Sometimes I still feel like a little kid; other times, it seems like I had to grow up way too fast. Part of me doesn’t want to let go of the girl inside; the other part wants to be all woman. I feel like I don’t know who I am anymore. Or where I belong. The world expects one thing, my family asks another, my heart wants something else. I am a piece of wood, adrift at sea, just waiting to see what shore I wash up on. If I don’t find a rudder soon, will it be too late? Will I lose the chance to determine my own destiny, chart my own course? I’m sailing in uncharted waters; there is no map to show me the way.

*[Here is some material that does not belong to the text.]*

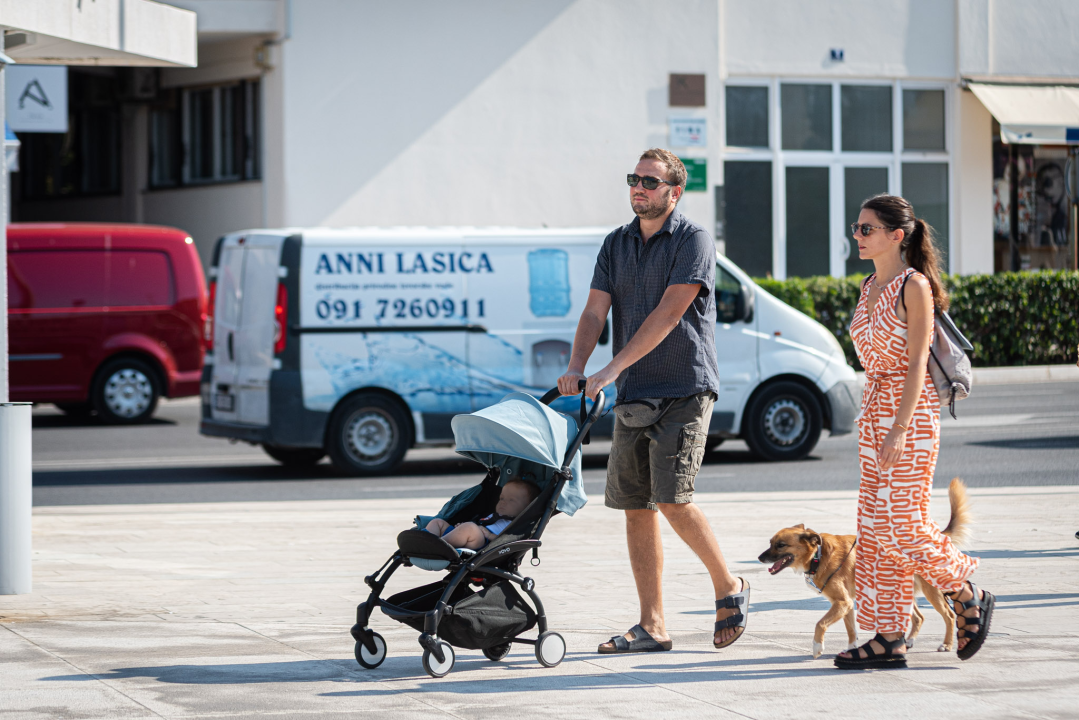 FOTO Đir po gradu, ponedjeljak 13. rujna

It’s not so much that I don’t know where I want to go. I do have a final destination in mind, generally speaking, but I don’t know how to get there from here. And, then too, there is just a breath of hesitation in the back of my mind. A hint of doubt whether that is really where I want to be. Part of the problem is that I want to do it all. I want to travel the world, footloose and fancy-free; but I also want to settle down and raise a family. I want to write as a career, but I love working in construction. And a little part of me wants to go back to college and follow where that may lead.

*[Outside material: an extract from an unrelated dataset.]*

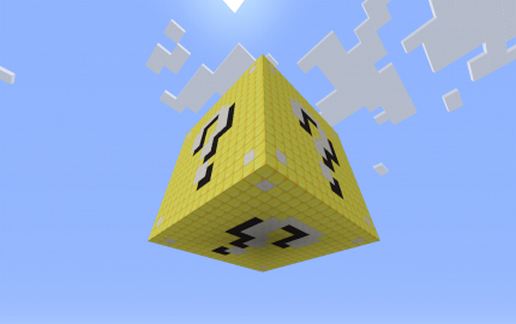 LuckyBlock schematic - building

The first step is making some decisions I guess. I’m old enough that I should probably have already done that and I guess I sorta have. It’s just the final commitment that’s lacking. So what then? Craft a plan to get from here to where I want to be of course. Ain’t nobody else gonna build my life for me. If I want something, I gotta go after it myself. Thankfully, I’m not scared of hard work. And once I set my mind to something, nothing’s gonna hold me back. And while I can’t complain about the life I have; it’s not the one I want. So I’m done wavering. I’m not a kid anymore, I can’t hide from life. I have to face it head-on and build my dreams on the foundation laid in my childhood. It’s strong and so am I. Uncharted waters are nothing more than an opportunity to draw my own map.